Le gouvernement a publié vendredi un décret conférant au Premier ministre une partie des pouvoirs de l'armée et l'autorisant à déclarer l'état d'urgence dans des provinces où des violences ont fait plus de 810 morts depuis janvier 2004.
Le Premier ministre s'est accordé ces vastes pouvoirs au lendemain d'une offensive qui a fait quatre nouveaux morts et d'attentats à la bombe qui ont paralysé la ville de Yala.
Ces mesures ont suscité des craintes qu'elles n'aient un effet contraire au but recherché.
Somboon Ahmad Bualuang, un musulman membre du Conseil de réconciliation nationale créé en mars pour faire des propositions de paix, a estimé qu'elle donnaient trop de pouvoirs à M. Thaksin sans rien faire pour faciliter une solution.
"La seule manière de traiter le problème est par la voie pacifique. Thaksin a écouté nos propositions mais il ne les a jamais mises en application dans le sud" où vit l'essentiel de la minorité musulmane de la Thaïlande, dit-il.

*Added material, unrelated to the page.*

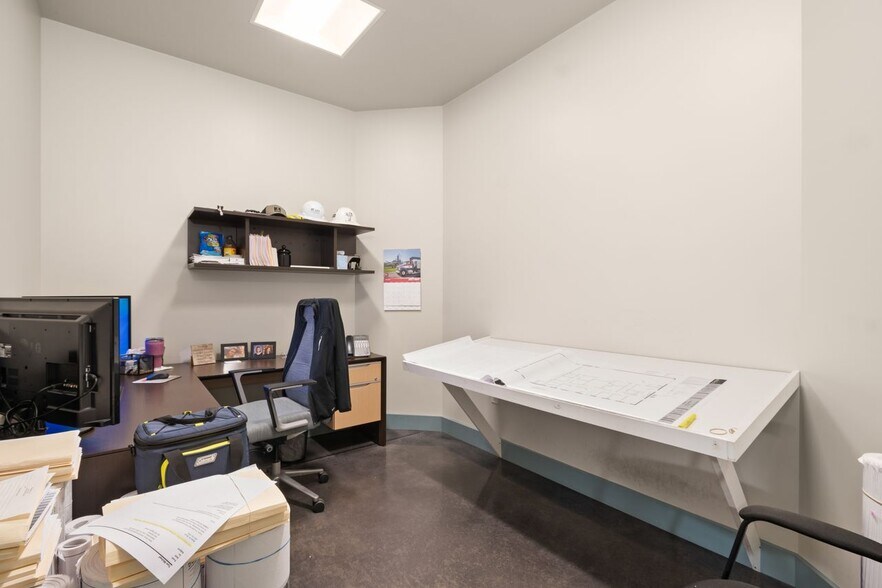 More Photos Of 2239 15th St, Sarasota Warehouse For Sale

Le quotidien The Nation craint aussi que les violations des droits de l'homme n'empirent et que l'aliénation des musulmans ne se renforce.
"Le gouvernement n'a pas su gagner la confiance des musulmans thaïlandais dans l'Etat, un échec qui a contribué à la détérioration de la situation. Il est impossible de comprendre logiquement comment le gouvernement peut croire que les pouvoirs absolus de Thaksin -- ce qui va accroître la méfiance à coup sur -- soient une bonne solution", écrit-il.
Le Pr Panitan Wattanayagorn, un spécialiste du sud, estime que Bangkok pourra enregistrer des bénéfices à court terme en renforçant le contrôle des services du Premier ministre sur les forces de sécurité.
"Mais je ne pense pas que cela fonctionnera à long terme", dit-il.
En attendant, les violences se poursuivent.
Dimanche, les autorités ont annoncé que deux policiers avaient été tués la veille dans la province de Narathiwat.
Dans celle de Yala, deux autres policiers et un passant ont été blessés dimanche dans un attentat à la bombe contre une voiture de police.
Au début de l'insurrection, M. Thaksin avait opté pour la fermeté mais depuis sa réélection en février il avait choisi une approche plus conciliante.
Les violences avaient diminué un temps mais ont repris en juin avec une série de décapitations et d'attentats.
Un responsable gouvernemental a estimé que le raid sur Yala avait été "la goutte qui fait déborder le vase".
Le gouvernement avait approuvé mardi un budget spécial de 66,3 millions de dollars pour l'acquisition d'armes et d'hélicoptères de combat pour le Sud.
Bangkok impute la violence à des séparatistes musulmans, des trafiquants et des réseaux du crime organisé.